Acknowledging where the region’s job growth really occurs, Atlanta’s most powerful business group is taking an inward turn.

The Metro Atlanta Chamber outlined a new strategy Wednesday that pivots its focus from luring existing companies here toward starting new firms and growing existing ones.

The chamber long warned that the failure of the transportation tax would make it harder to recruit new firms here, and the plan unveiled before more than 1,000 executives and politicians seemed to reflect that concern.

But leaders said the new approach was in the works months before the T-SPLOST defeat in July and had to do more with metro Atlanta’s lagging recovery.

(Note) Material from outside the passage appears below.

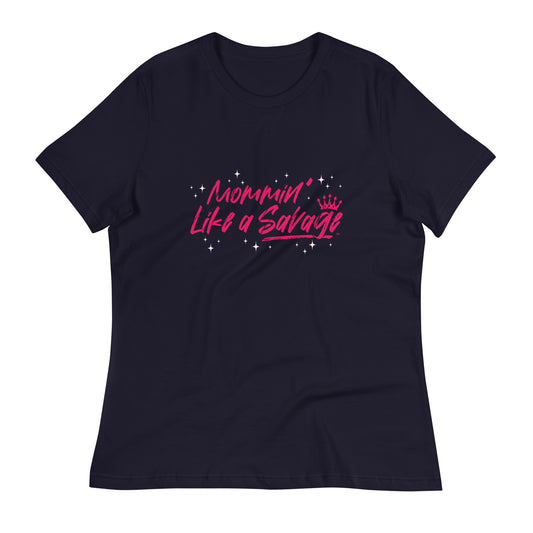 Mommin' Like a Savage T-Shirt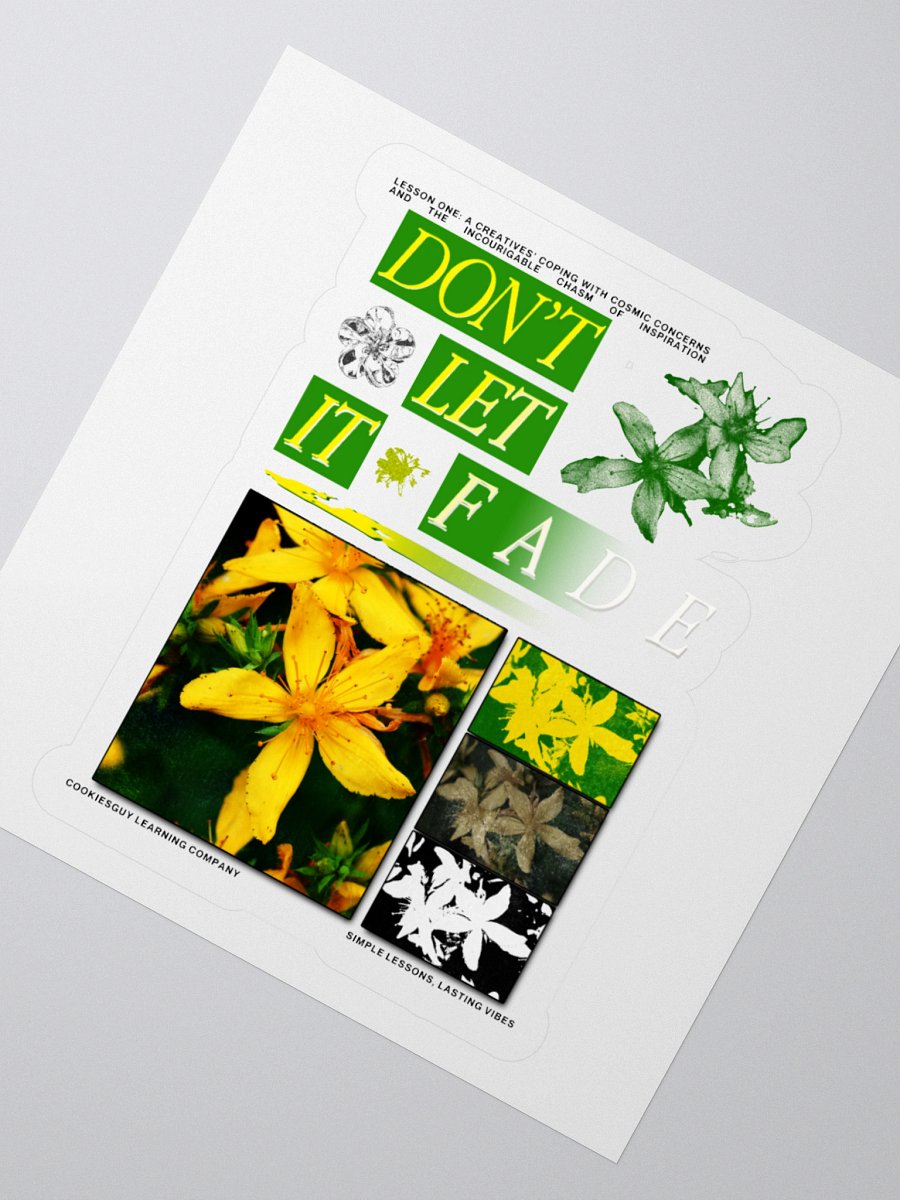 Don't Let It Fade Stickers product image (4)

Wednesday’s announcement finalized the chamber’s embrace of the new approach.

Carol Tomé, Home Depot’s chief financial officer and a driving force behind the new strategy, said a study by an independent consultant about the sources of the area’s jobs forced executives to own up to this hard truth:

“Job growth can no longer just come from recruiting jobs to Atlanta,” she said.

Even before July’s vote, the chamber, long a voice of sunny optimism about Atlanta’s business climate, warned of a “crisis.” Officials feared the area’s economy would not recover until 2020 or later without a bold plan.

On Wednesday, the group released new data that could reinforce its inward turn. It shows that only 3 percent of the region’s new jobs come from traditional recruitment. Some 42 percent of jobs come from existing firms, and the remaining 55 percent comes from startups and other new ventures.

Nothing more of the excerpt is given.